There are a rising number of home buyers in Singapore who talk like property investors – everyone wants to take advantage of the current downturn, by waiting for prices to bottom out. While there’s no harm in trying to secure the best deal possible, there are reasons why home buyers in Singapore should distance their mindsets from those of investors. Here are some reasons why:
Houses are assets, homes are not
A common adage on the property scene is that “houses are assets but homes are not”. In other words, a house that you absolutely need to live in (your home) is not truly an asset.
The reason is simple: you cannot rent out your whole home, as you need to live in it. Should you sell your home, even at a profit, you would still need to sink the bulk of the proceeds into a new property.
The situation is different for a property investor. The investors are not renting out or selling their own homes, but other houses that they own.
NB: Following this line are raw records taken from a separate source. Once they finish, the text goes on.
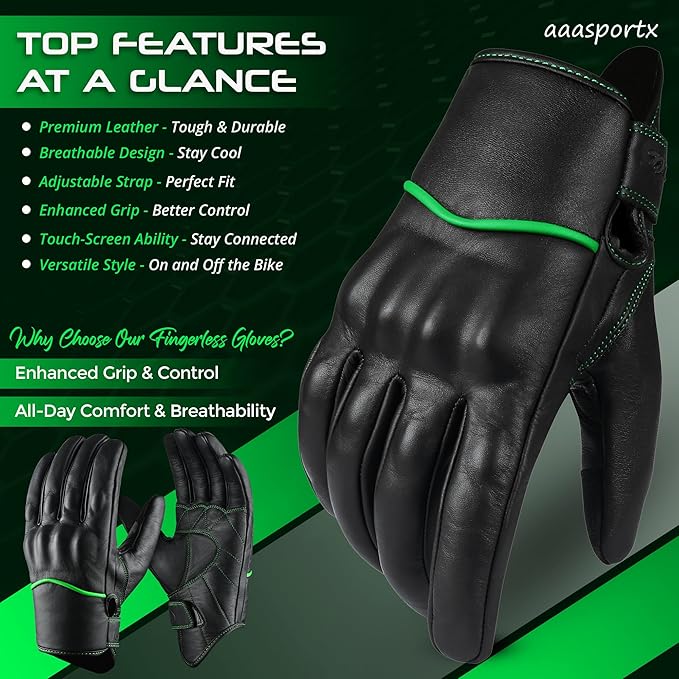 aasportx Motorcycle Gloves - Image 2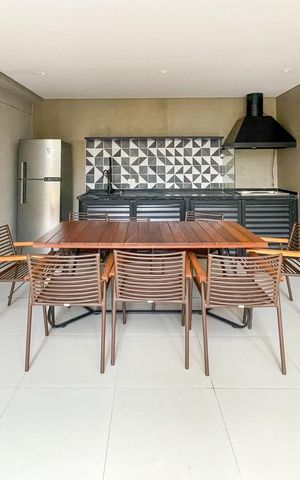Studio para alugar com 26m², 1 quarto e sem vaga Studio para alugar com 26m², 1 quarto e sem vagaÁrea comum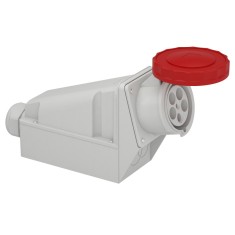 Priza industriala PT fixa 3P+N+E 125A Schneider 400V 81195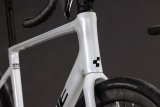 Doctorbike CUBE ATTAIN C:62 SLX METALLICWHITE´N´BLACK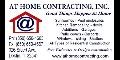 At Home Contracting Inc logo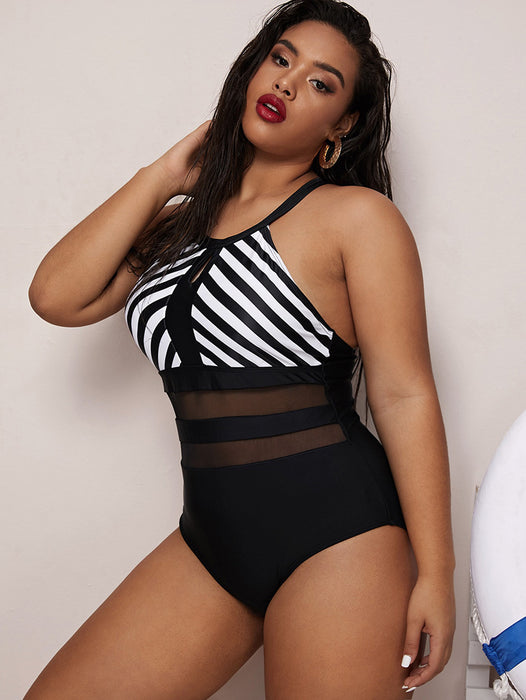 Jewelry WholesaleWholesale fat size one-piece swimsuits JDC-SW-CZAL001 Swimwear 曹庄奥浪 %variant_option1% %variant_option2% %variant_option3%  Factory Price JoyasDeChina Joyas De China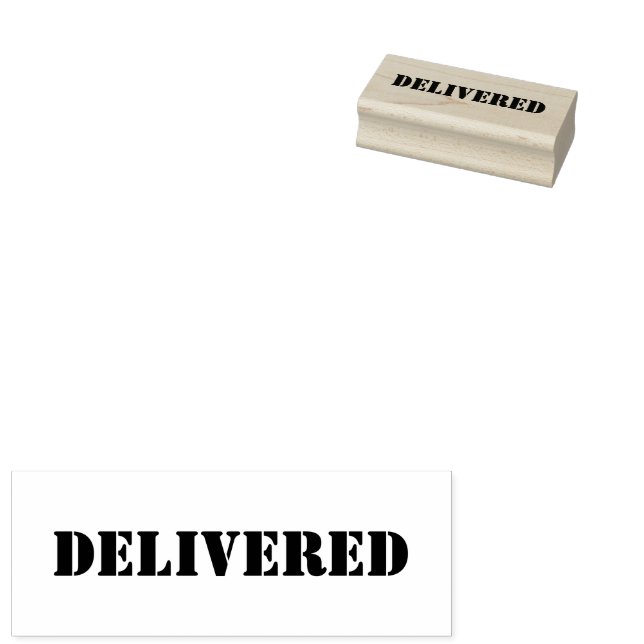 Delivered Stamp (Stamped)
Because investors can rent out an entire unit, it is plausible for the rental income to more than cover the mortgage costs. And should the investors sell their units at a profit, all the money goes to their pockets – they don’t need to buy another house to live in.
This means that home buyers in Singapore should see their property not as an asset, but as a monthly overhead. It’s more important for them to buy a property they can afford, rather than one they think has good resale value.
Home buyers should stick to properties which would keep their expense ratio (the total amount spent from their monthly income) at under 40 percent. If your combined household income is $10,000 a month, for example, you should find that your monthly expenses, after taking on a mortgage, do not exceed $4,000.
The psychological impact of selling is different
Investors have little attachment to their properties beyond dollars and cents. When the time is right to sell – either to cut losses or take their profits – most investors can do so in a heartbeat.
This is entirely different for home buyers in Singapore. When you have raised a family within a house, and spent more than 20 years of your life paying for it, you may find you’re unwilling to sell.
For those who live in HDB estates, moving out after a few decades can mean a loss of familiarity – the amenities you’ve grown used to, as well as the neighbours and friends in the area, will no longer be around.
These emotional factors grow over time. You may not feel it when you are first buying a house, but you will many years down the road. Don’t assume you’ll feel the same way about selling your house when you’re much older.
Home buyers in Singapore need a different approach to their mortgage
One of the key differences between investors and home buyers is their approach to loans.
At the most basic level, no one is going to help home buyers pay their mortgage. If it’s $3,600 a month, then they pay for $3,600 a month (except for the rare few who are willing to rent out rooms to strangers).
For a landlord, the whole idea is to get a tenant to pay the mortgage, and hopefully make more than the mortgage. Alternatively, an investor may buy under development property at a discount, and attempt to offload the unit at a profit as soon as possible.
Most residential property loans offered by banks have low rates for the first three years, and jump significantly on the fourth year and thereafter. One of the reasons loans are structured this way is to draw interest from investors.
For example, last month UOB and DBS offered a zero spread residential loan, which applied only to properties that were development. The rate would jump upon the property receiving the Temporary Occupancy Permit (TOP). This has clear appeal to investors, who could buy under development units with an early-bird discount, pay a low interest rate, and then quickly sell the unit by the fourth year.
Investors also constantly engage in refinancing and repricing, to keep their monthly costs low.
Home buyers are better off looking at the final rate (fourth year and thereafter), to secure a low interest deal in the long term. They may also want to consider fixed rate home loans; whilst often more expensive, this means their mortgage repayments will not fluctuate as much, which makes family financial planning easier.
While home buyers in Singapore can take a page from investors and refinance to keep costs low, we note that non-investors often find it a major bother (you will have to get a property valuation, pay about $2,000 to $3,000 in conveyancing fees, and go through the loan approval process again).
Investors buy houses for others
Investors buy houses that fit their customer demographic. For example, some landlords focus on renting to students, some focus on renting to high net worth individuals, and some focus on renting to singles.
We could write entire volumes on the pros and cons of each of these demographics, and how they affect vacancies, maintenance, rental income, etc. But suffice it to say that, when landlords buy, they often look for amenities and facilities that benefit their target tenant; not themselves.
As an example, a landlord might purchase a shoebox unit in Tanglin with the aim of renting to single expatriates. Such a unit could be totally unsuited to the landlord, being just 350 square feet (too small for a family), and costing far too much per month if not for the tenant’s rental income.
Consider if, as a home buyer in Singapore, you were to make such a purchase. What would happen if, five or six years down the road, you decide to settle down and start a family? You would be unable to buy a HDB flat (you already own private property), and you may find that you’d have to sell at a loss (as is the present case, with the market in a downturn). You would also be uncomfortable living in the unit, due to the high mortgage repayments and small size.
The main principle here is that when investors buy, they buy for others. This is the direct opposite of what a home buyer should do. If you are going to live in the house, you need to choose based on which amenities and facilities apply to you.
It’s more important that your children’s schools are nearby, your workplace is in reach, and you like the local mall. Over the next decade or more, that will count for more than “better resale prospects”.